La France est l’un des pays qui a longtemps soutenu ce projet avec ardeur. Le ministre français des Finances, Bruno Le Maire, a déclaré : « Il est temps que l’Europe sache ce qu’elle veut devenir. Soit elle est un continent soumis qui accepte que des géants du numérique aient 14 points de moins que les entreprises européennes, soit nous sommes un continent souverain. »

Cette annonce d’une nouvelle taxe visant la GAFA, rappelons-le, a été faite le 21 mars 2018.

Les propositions de la Commission européenne

En mars 2018, la Commission européenne a proposé deux options pour mieux taxer les activités de la GAFA. La première vise à imposer aux entreprises avec une recette de plus de 750 millions d’euros dans le monde et 50 millions dans les pays de l’UE une taxe provisoire de 3 % sur leurs revenus numériques.

Les petites startups du secteur ne seraient pas concernées.

La deuxième option veut combler le vide juridique concernant la présence numérique de ces firmes dans les pays de l’UE. Le droit européen ne permet de taxer que les entreprises ayant une présence physique (bureau, magasin, siège social…) dans le pays. Pour être applicable, il faut l’unanimité des 28 États de l’Union.

Les positions des pays membres

Jusqu’ici, les pays membres de l’Union européenne n’arrivent pas à s’accorder au sujet de la taxe numérique.

Comme l’a annoncé le ministre danois des Finances, Kristian Jensen, celle-ci provoquerait des réactions négatives de la part des États-Unis puisque ce sont les sociétés américaines qui sont les plus visées.
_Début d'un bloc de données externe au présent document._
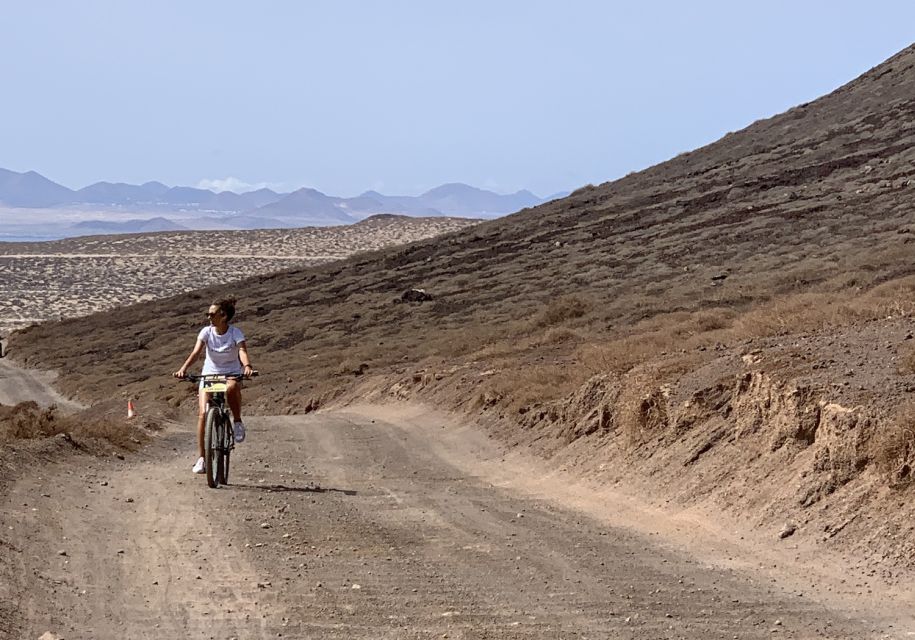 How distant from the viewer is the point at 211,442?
10969mm

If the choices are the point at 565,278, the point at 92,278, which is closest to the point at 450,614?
the point at 565,278

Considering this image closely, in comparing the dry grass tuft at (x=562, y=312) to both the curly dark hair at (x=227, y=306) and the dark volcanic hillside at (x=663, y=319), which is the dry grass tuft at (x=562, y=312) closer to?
the dark volcanic hillside at (x=663, y=319)

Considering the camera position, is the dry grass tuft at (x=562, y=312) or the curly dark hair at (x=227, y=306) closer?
the curly dark hair at (x=227, y=306)

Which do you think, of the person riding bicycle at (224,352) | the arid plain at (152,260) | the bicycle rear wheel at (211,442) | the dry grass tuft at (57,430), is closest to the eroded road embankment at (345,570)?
the bicycle rear wheel at (211,442)

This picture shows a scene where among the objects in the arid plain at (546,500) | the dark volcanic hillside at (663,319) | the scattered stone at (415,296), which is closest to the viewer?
the arid plain at (546,500)

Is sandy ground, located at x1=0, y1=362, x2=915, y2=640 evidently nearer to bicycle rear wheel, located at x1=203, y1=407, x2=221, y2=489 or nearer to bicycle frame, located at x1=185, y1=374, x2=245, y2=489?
bicycle rear wheel, located at x1=203, y1=407, x2=221, y2=489

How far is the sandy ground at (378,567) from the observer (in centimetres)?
638

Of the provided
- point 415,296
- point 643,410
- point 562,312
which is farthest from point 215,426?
point 415,296

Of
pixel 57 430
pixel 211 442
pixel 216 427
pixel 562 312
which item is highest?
pixel 216 427

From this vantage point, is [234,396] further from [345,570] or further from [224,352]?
[345,570]

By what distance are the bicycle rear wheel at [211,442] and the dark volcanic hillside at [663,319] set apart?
4.77m

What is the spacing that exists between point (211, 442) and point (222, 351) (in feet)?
3.08

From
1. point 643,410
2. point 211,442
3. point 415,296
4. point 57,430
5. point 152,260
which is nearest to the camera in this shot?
point 211,442

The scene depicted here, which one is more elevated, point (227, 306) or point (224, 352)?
point (227, 306) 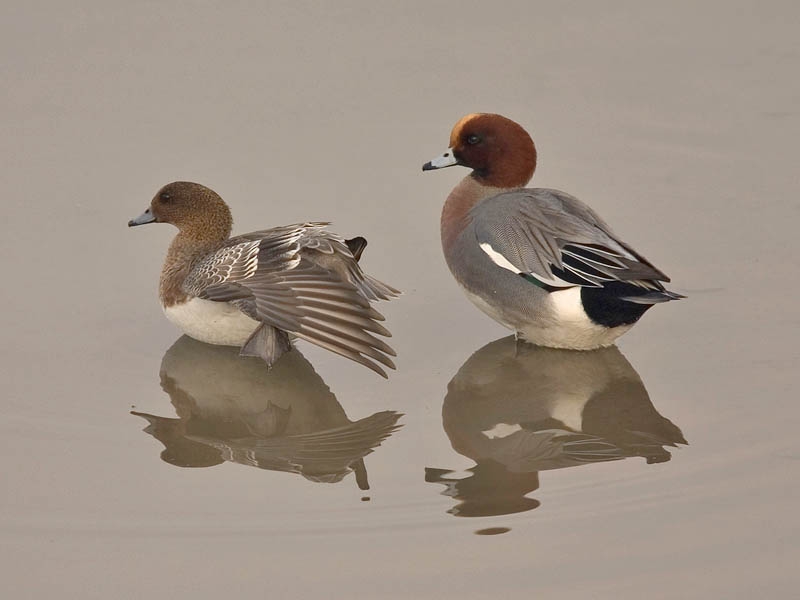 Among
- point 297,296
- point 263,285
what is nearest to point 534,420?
point 297,296

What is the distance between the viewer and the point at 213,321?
18.2 ft

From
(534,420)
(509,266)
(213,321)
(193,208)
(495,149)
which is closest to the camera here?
(534,420)

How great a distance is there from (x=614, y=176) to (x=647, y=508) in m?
2.96

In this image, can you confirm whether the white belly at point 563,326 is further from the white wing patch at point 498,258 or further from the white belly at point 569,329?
the white wing patch at point 498,258

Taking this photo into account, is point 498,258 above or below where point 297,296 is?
above

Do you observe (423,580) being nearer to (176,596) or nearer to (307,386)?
(176,596)

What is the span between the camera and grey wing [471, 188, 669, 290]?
5434mm

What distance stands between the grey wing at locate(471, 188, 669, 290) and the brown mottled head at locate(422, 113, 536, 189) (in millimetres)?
218

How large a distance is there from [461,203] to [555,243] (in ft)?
2.24

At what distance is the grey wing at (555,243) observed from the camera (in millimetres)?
5434

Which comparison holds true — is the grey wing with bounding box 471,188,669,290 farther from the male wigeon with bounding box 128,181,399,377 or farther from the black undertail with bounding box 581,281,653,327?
the male wigeon with bounding box 128,181,399,377

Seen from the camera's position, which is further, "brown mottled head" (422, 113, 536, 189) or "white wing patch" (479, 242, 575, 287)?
"brown mottled head" (422, 113, 536, 189)

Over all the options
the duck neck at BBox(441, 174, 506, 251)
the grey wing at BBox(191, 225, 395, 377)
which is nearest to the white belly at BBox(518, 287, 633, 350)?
the duck neck at BBox(441, 174, 506, 251)

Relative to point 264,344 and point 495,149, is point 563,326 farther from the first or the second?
point 264,344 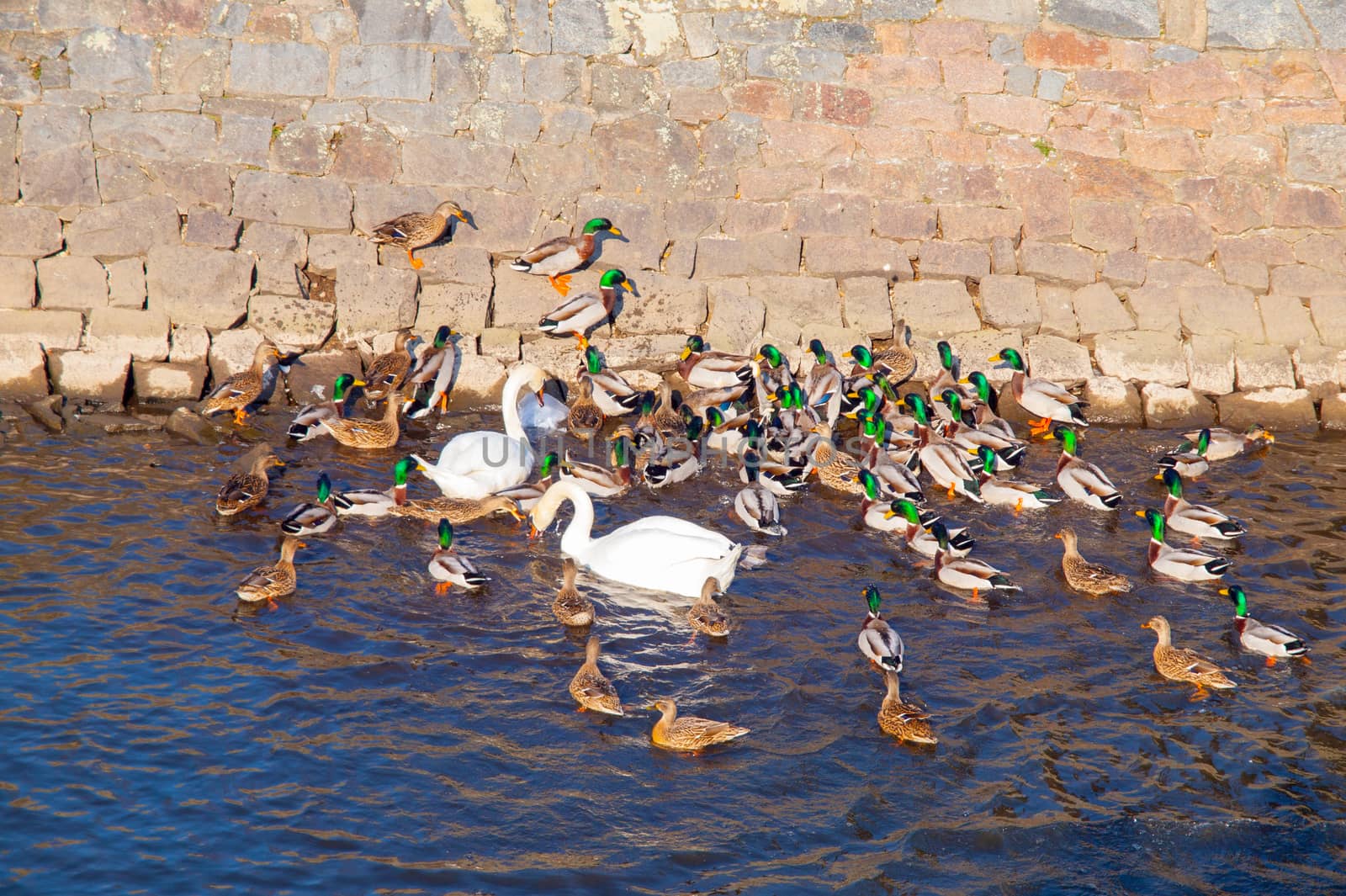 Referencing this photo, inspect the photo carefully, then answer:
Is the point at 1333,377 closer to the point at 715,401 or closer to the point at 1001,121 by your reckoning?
the point at 1001,121

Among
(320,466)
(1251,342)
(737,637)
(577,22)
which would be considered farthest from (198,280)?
(1251,342)

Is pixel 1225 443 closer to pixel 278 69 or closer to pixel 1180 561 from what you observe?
pixel 1180 561

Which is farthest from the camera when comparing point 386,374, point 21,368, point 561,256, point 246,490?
point 561,256

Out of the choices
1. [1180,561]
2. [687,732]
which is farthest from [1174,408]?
[687,732]

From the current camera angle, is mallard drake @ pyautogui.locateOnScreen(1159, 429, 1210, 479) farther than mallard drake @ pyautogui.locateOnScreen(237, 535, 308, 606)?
Yes

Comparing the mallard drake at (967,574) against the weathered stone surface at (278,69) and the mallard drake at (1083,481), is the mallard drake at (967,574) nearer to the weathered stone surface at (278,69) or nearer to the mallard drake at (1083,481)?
the mallard drake at (1083,481)

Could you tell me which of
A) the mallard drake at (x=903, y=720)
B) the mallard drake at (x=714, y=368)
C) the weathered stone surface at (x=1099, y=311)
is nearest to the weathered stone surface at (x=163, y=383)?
the mallard drake at (x=714, y=368)

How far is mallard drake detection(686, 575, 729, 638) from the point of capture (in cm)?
889

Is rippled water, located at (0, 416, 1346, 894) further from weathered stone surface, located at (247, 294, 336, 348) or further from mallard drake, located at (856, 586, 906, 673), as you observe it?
weathered stone surface, located at (247, 294, 336, 348)

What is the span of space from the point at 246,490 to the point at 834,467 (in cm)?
530

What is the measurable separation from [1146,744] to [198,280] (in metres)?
10.2

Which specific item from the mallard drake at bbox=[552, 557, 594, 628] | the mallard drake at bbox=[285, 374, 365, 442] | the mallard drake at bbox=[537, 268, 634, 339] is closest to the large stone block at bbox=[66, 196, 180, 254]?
the mallard drake at bbox=[285, 374, 365, 442]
Avec la Commission européenne, l’Organisation de coopération et de développement économiques (OCDE) continue d’étudier le sujet.
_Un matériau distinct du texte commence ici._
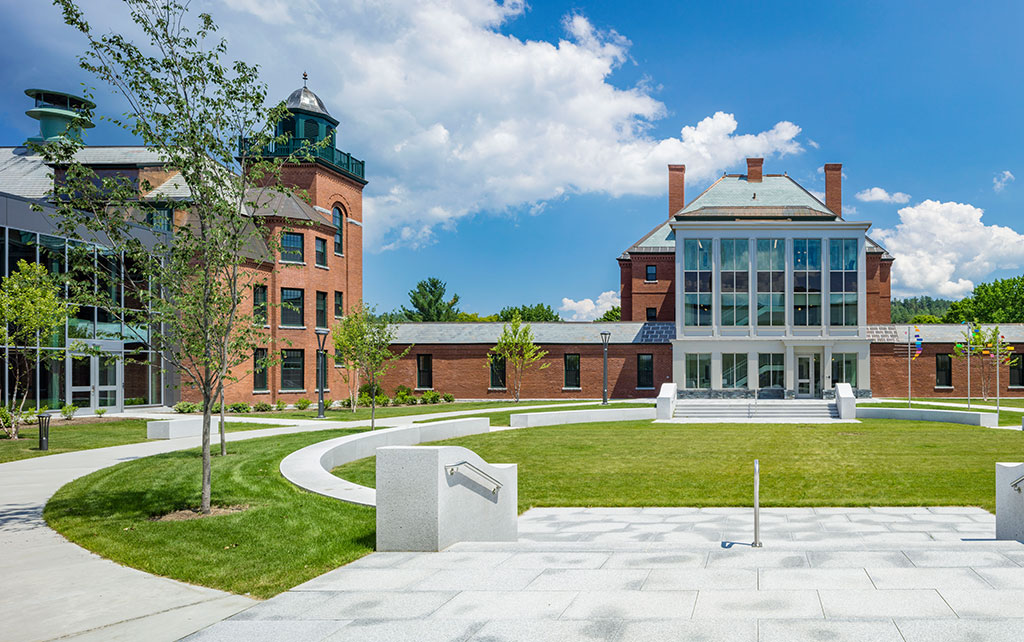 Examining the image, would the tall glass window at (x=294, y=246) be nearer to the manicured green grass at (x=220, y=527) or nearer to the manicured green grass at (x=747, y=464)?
the manicured green grass at (x=747, y=464)

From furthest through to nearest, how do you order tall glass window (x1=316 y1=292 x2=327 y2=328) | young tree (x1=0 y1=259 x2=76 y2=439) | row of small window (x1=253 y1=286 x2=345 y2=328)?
tall glass window (x1=316 y1=292 x2=327 y2=328)
row of small window (x1=253 y1=286 x2=345 y2=328)
young tree (x1=0 y1=259 x2=76 y2=439)

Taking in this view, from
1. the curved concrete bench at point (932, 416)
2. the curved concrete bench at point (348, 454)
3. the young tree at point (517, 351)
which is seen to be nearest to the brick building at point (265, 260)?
the curved concrete bench at point (348, 454)

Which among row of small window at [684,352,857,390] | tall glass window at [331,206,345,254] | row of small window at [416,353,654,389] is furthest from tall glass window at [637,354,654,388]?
tall glass window at [331,206,345,254]

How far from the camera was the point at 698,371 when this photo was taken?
45.2m

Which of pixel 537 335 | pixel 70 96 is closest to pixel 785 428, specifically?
pixel 537 335

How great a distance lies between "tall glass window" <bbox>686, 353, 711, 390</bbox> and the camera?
4509cm

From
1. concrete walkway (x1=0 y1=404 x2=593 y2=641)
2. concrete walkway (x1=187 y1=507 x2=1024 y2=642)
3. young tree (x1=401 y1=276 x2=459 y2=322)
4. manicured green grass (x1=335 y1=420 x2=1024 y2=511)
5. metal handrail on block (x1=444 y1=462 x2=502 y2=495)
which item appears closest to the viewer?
concrete walkway (x1=187 y1=507 x2=1024 y2=642)

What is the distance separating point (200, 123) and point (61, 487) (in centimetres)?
Answer: 730

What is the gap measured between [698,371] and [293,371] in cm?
2421

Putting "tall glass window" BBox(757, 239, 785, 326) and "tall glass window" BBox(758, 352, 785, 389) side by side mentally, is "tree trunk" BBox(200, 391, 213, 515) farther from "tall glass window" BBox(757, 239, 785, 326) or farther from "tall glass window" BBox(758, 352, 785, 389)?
"tall glass window" BBox(757, 239, 785, 326)

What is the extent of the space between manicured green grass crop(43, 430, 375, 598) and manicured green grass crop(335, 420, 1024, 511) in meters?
3.21

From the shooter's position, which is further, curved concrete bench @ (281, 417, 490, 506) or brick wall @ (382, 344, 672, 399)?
brick wall @ (382, 344, 672, 399)

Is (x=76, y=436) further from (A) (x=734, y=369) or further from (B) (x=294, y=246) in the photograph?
(A) (x=734, y=369)

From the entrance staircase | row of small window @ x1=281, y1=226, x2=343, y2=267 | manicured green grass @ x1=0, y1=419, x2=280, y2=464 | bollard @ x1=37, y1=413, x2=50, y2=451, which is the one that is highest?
row of small window @ x1=281, y1=226, x2=343, y2=267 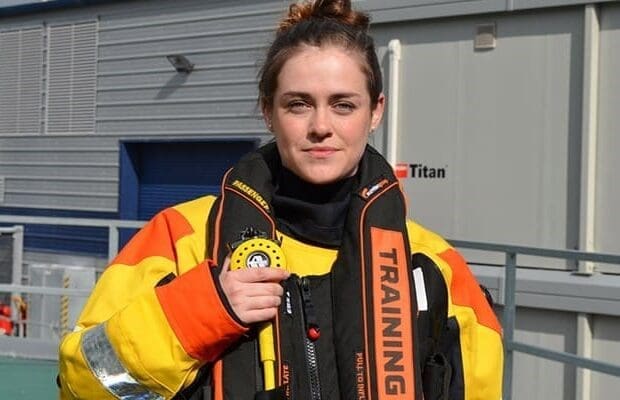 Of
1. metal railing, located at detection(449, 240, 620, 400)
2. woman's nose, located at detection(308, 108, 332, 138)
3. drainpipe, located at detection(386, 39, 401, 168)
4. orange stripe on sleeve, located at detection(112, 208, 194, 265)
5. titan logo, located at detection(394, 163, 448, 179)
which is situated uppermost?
drainpipe, located at detection(386, 39, 401, 168)

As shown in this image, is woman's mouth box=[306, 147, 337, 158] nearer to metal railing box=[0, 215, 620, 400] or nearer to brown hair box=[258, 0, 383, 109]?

En septembre 2018, Bruno Le Maire a proposé une clause de caducité visant à supprimer la taxation dès qu’un consensus sera pris avec les entreprises technologiques au niveau mondial. Le 30 octobre 2018, il a annoncé qu’il accorderait plus de temps à la mise en place de ce système fiscale et donnerait jusqu’à fin 2020 pour le faire adopter. L’Autriche, la Slovénie, la Grèce et la Bulgarie ont aussi donné leur accord tandis que les pays nordiques sont plus difficiles à convaincre.

En attendant d’aboutir à un accord, les discussions se poursuivent entre les pays membres de l’Union européenne et l’OCDE qui continue de mener ses travaux.